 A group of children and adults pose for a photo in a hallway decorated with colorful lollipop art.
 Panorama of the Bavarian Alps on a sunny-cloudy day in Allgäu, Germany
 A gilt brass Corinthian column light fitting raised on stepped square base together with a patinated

(ACTION ITEM)
For this exercise, retype the entire listing exactly.

(REPLY TO THE EXERCISE)
 A group of children and adults pose for a photo in a hallway decorated with colorful lollipop art.
 Panorama of the Bavarian Alps on a sunny-cloudy day in Allgäu, Germany
 A gilt brass Corinthian column light fitting raised on stepped square base together with a patinated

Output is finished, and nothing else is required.